Czy kobiety w ciąży mają powody do niepokoju? Rozmowa z lek. Romanem Lipką | 06.04.2020
Osobami najbardziej zagrożonymi w związku z epidemią koronawirusa są ludzie starsi i chronicznie chorzy. Czy kobiety w ciąży także zaliczane są do grup ryzyka? Na pytania niepokojące przyszłe mamy odpowiada Roman Lipka, lekarz ginekolog z Czeskiego Cieszyna. Ten tekst przeczytasz za 3 min. 15 s
Lekarz Roman Lipka w swoim gabinecie. Fot. ARC R. Lipki
Czy kobiety w ciąży mają powody do niepokoju? Wiadomo coś na temat możliwego uszkodzenia płodu przez nowy koronawirus?
– Z obserwacji przebiegu schorzenia u ciężarnych wynika, że jest on zazwyczaj łagodny (grypowy) i nie różni się w niczym od przebiegu u kobiet nieciężarnych. Dlatego przyszłe matki są w tej chwili traktowane tak samo jak inne osoby spoza grup ryzyka. Dla osób starszych i chorych koronawirus jest na pewno bardziej niebezpieczny, tak samo może być w przypadku ciąży o przebiegu ryzykownym lub patologicznym (np. u ciężarnych z cukrzycą lub osłabioną odpornością organizmu). Wpływy koronawirusa na płód nie są zbadane, na razie nie stwierdzono wyższego ryzyka poronień w pierwszym i drugim trymestrze ciąży ani wad rozwojowych płodu. Nie odnotowano również zakażenia płodu w macicy kobiety ani nie stwierdzono zgonu matki bezpośrednio spowodowanego zakażeniem koronawirusowym.

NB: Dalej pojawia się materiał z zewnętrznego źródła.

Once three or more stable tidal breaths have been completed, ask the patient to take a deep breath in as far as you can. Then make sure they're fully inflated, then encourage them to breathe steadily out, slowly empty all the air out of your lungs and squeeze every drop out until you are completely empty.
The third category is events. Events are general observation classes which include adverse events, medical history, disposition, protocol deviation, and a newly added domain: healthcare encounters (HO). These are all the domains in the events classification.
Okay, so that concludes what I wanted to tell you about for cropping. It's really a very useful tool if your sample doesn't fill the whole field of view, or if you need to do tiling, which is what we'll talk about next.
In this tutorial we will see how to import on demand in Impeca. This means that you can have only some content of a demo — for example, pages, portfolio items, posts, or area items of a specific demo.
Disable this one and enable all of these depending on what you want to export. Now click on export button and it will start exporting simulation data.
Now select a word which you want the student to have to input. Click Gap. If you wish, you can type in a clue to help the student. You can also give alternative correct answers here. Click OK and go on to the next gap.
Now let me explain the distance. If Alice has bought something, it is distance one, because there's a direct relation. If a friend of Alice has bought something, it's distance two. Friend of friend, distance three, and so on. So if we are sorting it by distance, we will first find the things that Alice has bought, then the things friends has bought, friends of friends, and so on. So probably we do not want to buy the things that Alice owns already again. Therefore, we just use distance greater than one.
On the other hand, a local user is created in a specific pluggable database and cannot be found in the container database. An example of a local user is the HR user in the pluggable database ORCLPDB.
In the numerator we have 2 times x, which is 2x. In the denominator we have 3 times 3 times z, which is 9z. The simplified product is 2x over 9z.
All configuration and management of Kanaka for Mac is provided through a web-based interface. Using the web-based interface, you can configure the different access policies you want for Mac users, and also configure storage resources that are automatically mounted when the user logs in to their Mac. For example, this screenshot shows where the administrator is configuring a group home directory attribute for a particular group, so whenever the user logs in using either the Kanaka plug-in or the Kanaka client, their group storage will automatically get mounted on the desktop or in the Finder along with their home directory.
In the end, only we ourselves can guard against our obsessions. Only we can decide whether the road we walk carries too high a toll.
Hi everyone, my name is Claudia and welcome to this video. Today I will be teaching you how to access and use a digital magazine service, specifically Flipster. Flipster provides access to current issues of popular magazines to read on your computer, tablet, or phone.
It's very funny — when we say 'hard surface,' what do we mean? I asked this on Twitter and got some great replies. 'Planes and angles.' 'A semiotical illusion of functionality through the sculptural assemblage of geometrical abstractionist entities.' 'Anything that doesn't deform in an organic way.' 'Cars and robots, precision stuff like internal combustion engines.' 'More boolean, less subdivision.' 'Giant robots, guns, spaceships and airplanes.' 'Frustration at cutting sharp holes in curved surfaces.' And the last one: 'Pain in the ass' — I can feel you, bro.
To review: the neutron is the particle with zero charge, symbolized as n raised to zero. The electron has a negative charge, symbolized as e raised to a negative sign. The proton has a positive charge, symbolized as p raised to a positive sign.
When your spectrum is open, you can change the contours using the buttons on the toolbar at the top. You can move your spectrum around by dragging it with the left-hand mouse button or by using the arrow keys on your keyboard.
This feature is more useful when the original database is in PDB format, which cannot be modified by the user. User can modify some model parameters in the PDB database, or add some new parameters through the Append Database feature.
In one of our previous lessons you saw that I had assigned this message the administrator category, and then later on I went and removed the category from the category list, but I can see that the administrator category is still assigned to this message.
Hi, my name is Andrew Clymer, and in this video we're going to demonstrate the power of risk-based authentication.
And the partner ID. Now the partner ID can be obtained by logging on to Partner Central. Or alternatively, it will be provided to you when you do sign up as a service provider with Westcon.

Niemniej kobieta ciężarna powinna się chronić przed każdym zakażeniem wirusowym, ponieważ ogólnie podwyższają one ryzyko poronień oraz wad rozwojowych.
Dzwonią do pana pacjentki zaniepokojone sytuacją?
– Z reguły dzwonią z pytaniami, czy mają przyjść na wizytę, czy nie. Kobiety w ciąży muszą być regularnie badane, więc ich wizyty w gabinecie normalnie się odbywają – oczywiście przy zachowaniu wszelkich środków ostrożności zalecanych przez WHO oraz czeską służbę zdrowia. Na badania do przychodni ginekologicznych chodzą w tej chwili niemal wyłącznie kobiety w ciąży oraz panie, które mają problemy niecierpiące zwłoki. Nie przeprowadzamy żadnych prewencyjnych badań okresowych. Chodzi o to, aby przychodziło jak najmniej pacjentek, aby nie spotykały w poczekalniach. Podobnie jest u lekarzy innych specjalizacji.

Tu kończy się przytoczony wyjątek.